(Material for this task)
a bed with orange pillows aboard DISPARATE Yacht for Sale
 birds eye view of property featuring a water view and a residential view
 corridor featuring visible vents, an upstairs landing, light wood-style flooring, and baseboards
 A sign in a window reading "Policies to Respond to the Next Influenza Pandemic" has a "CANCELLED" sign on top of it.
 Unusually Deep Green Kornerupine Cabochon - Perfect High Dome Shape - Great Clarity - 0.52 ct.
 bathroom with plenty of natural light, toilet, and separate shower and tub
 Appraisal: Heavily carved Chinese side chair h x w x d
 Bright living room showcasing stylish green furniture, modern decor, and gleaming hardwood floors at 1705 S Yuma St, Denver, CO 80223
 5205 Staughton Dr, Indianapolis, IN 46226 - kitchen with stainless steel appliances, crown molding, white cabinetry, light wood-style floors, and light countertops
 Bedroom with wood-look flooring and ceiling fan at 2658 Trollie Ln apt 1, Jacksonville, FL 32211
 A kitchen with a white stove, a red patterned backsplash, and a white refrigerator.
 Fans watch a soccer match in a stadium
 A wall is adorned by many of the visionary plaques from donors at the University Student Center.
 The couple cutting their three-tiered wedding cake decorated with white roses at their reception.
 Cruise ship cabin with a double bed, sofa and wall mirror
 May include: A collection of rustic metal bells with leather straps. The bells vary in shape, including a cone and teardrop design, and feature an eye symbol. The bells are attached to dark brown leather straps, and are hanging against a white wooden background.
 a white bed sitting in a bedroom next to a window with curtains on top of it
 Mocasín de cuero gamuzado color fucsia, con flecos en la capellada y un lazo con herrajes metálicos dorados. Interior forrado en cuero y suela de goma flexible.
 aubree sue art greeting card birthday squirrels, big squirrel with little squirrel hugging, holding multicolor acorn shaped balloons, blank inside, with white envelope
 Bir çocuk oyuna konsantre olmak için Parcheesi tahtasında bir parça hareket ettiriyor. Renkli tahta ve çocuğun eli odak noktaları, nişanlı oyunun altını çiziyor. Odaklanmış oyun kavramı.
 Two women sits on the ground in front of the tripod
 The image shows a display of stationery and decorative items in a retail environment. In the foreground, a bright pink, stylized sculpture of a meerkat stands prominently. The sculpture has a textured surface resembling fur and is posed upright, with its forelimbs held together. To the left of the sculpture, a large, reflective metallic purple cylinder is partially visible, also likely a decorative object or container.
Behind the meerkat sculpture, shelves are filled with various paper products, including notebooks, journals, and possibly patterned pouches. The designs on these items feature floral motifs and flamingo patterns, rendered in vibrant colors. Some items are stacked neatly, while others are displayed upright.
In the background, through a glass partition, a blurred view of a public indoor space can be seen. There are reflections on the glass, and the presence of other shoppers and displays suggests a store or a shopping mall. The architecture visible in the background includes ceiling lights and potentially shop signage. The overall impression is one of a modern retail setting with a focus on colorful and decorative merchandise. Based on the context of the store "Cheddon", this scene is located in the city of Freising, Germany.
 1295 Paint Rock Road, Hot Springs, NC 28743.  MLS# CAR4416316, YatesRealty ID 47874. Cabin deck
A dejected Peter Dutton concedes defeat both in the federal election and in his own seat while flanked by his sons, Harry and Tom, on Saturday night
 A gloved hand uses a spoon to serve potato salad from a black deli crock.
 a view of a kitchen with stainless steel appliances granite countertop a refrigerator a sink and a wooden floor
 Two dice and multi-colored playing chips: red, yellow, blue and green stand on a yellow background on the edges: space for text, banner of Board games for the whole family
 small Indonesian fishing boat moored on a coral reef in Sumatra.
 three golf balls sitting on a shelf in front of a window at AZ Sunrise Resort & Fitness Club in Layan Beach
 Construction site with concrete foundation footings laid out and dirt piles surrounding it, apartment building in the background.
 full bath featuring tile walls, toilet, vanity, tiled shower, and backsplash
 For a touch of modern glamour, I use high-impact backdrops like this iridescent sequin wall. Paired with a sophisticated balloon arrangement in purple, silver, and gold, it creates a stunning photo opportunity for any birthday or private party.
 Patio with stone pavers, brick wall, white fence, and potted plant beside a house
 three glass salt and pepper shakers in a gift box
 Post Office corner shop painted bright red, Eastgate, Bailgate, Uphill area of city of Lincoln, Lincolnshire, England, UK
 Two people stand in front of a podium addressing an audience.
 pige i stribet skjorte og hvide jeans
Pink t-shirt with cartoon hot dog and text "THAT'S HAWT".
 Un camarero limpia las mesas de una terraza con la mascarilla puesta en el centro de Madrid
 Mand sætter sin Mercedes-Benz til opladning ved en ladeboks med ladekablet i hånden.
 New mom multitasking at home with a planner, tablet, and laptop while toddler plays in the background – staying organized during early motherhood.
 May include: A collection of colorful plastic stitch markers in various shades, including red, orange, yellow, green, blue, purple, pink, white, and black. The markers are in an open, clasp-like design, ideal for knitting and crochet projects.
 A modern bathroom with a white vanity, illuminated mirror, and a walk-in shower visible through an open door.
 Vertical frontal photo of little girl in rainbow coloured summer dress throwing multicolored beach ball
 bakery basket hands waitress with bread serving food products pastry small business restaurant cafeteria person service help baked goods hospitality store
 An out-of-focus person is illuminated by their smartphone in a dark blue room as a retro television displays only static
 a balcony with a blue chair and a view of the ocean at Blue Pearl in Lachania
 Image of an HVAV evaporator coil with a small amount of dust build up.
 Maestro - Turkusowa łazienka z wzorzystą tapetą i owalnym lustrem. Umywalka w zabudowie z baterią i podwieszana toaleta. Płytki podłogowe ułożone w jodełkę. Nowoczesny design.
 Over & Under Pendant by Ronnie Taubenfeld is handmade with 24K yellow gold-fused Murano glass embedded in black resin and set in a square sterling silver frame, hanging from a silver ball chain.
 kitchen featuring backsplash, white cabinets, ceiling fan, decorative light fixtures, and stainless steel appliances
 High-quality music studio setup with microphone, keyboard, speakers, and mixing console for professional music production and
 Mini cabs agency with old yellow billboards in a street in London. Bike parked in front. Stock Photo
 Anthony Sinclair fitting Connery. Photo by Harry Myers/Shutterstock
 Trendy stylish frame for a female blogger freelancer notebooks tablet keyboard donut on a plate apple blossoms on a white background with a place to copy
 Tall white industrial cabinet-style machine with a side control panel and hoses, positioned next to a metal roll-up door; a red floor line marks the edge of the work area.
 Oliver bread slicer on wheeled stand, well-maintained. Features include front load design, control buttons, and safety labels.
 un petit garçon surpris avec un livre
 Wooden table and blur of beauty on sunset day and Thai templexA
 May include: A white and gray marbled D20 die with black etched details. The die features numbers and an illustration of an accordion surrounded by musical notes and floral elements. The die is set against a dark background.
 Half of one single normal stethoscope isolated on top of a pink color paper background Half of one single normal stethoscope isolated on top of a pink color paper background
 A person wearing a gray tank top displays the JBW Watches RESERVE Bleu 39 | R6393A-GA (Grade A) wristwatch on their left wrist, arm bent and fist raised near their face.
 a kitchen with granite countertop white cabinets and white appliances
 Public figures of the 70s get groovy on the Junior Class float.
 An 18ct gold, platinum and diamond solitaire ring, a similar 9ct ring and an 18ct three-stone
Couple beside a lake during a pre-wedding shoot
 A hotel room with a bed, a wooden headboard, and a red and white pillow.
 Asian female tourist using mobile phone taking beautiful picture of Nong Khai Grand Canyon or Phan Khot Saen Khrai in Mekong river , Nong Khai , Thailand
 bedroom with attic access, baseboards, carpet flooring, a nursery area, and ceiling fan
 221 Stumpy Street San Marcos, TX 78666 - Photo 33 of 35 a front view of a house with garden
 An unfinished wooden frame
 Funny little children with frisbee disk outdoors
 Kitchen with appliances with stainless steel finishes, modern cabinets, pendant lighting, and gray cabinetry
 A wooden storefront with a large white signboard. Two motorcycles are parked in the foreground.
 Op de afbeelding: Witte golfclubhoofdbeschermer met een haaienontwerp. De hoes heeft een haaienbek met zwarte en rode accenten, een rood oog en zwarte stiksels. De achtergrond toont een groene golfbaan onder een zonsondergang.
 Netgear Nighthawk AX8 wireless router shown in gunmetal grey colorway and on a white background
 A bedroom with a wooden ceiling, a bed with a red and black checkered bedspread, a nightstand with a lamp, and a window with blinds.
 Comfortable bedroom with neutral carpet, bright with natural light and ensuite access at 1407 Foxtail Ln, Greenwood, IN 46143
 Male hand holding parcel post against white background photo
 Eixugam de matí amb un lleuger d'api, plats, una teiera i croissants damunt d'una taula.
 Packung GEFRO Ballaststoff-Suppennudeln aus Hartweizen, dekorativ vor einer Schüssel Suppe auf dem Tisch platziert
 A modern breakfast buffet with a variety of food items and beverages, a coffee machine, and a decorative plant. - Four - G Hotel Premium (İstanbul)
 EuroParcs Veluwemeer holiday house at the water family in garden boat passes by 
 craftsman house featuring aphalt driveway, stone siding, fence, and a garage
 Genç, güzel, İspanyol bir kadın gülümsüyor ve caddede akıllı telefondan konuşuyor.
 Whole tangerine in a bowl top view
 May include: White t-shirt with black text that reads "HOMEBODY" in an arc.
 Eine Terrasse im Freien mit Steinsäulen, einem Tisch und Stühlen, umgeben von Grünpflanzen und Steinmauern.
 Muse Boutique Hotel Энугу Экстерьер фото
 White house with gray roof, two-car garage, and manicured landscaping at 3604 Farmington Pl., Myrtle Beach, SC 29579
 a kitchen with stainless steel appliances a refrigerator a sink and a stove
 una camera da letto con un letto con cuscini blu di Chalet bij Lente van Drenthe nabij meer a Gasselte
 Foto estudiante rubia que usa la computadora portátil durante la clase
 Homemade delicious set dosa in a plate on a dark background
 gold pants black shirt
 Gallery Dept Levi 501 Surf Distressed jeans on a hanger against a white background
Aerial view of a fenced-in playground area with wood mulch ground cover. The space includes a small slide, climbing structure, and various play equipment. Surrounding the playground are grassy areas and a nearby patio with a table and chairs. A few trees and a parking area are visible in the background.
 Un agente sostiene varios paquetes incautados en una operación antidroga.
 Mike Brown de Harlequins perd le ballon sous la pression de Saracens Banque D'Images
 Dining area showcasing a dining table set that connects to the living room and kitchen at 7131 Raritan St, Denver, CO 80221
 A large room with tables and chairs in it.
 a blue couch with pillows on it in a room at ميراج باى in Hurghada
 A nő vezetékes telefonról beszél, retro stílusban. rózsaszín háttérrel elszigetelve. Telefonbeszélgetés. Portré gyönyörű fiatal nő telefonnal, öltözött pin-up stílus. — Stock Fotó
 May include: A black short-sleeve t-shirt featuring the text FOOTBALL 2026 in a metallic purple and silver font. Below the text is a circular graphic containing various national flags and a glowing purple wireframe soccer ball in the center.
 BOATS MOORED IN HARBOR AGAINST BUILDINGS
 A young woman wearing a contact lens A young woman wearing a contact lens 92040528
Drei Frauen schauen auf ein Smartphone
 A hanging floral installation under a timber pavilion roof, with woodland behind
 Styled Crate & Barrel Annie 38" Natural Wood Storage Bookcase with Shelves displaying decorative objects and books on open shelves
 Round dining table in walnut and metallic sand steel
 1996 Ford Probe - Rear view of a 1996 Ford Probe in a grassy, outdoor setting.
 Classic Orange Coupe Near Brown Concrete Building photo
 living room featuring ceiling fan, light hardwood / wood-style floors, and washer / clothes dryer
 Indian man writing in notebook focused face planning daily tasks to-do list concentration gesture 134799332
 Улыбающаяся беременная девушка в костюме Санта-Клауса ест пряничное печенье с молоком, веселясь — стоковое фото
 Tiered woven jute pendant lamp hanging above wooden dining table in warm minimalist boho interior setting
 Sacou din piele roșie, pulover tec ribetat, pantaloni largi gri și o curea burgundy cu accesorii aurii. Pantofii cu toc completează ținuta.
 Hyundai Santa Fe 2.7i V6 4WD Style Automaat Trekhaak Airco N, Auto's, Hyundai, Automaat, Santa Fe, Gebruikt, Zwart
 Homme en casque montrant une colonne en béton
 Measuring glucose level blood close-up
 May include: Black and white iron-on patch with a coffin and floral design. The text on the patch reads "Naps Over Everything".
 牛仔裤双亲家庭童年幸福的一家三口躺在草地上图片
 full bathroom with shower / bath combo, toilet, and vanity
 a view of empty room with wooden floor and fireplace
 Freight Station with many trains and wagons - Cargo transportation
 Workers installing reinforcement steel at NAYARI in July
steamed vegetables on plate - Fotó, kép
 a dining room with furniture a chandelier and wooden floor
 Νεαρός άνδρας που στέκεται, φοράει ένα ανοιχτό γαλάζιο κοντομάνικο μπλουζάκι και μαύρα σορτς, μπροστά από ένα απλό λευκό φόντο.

(Work request)
For each line in the data above that contains the string "three", extract the line.

(Result)
 The couple cutting their three-tiered wedding cake decorated with white roses at their reception.
 three golf balls sitting on a shelf in front of a window at AZ Sunrise Resort & Fitness Club in Layan Beach
 three glass salt and pepper shakers in a gift box
 An 18ct gold, platinum and diamond solitaire ring, a similar 9ct ring and an 18ct three-stone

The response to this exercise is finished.